↓↓↓
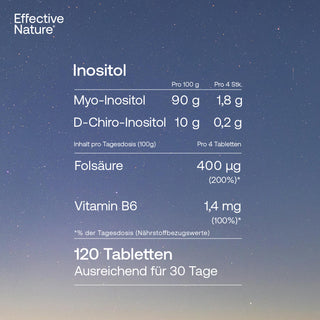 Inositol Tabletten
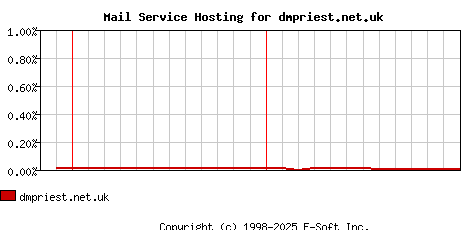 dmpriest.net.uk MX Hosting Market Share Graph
↑↑↑
↓↓↓
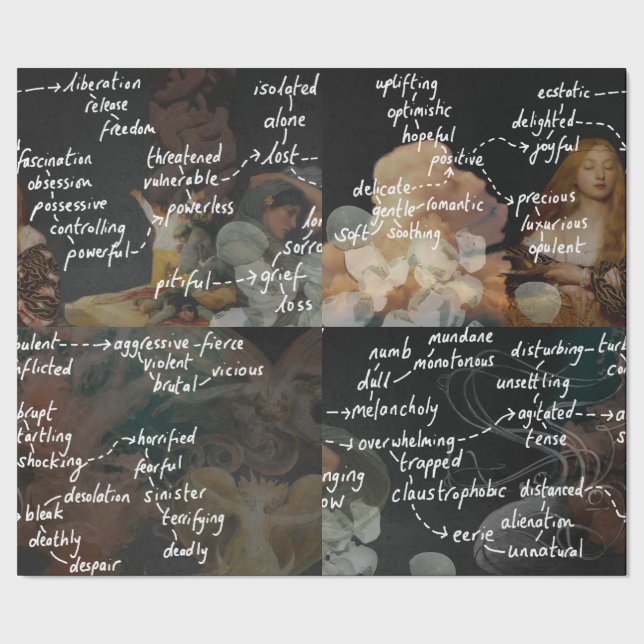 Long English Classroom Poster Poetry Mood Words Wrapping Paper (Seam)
↑↑↑
↓↓↓
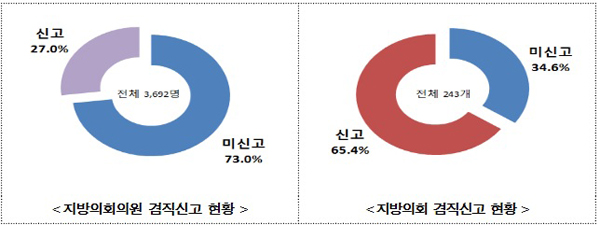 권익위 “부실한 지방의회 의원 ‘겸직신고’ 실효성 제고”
↑↑↑
> **Your goal**
Repeat, without pictures, exactly the lines of the data above from the one containing "Inositol Tabletten" through the one containing "dmpriest.net.uk MX Hosting", including both and adding nothing.

> **Result for this exercise**
 Inositol Tabletten
 dmpriest.net.uk MX Hosting Market Share Graph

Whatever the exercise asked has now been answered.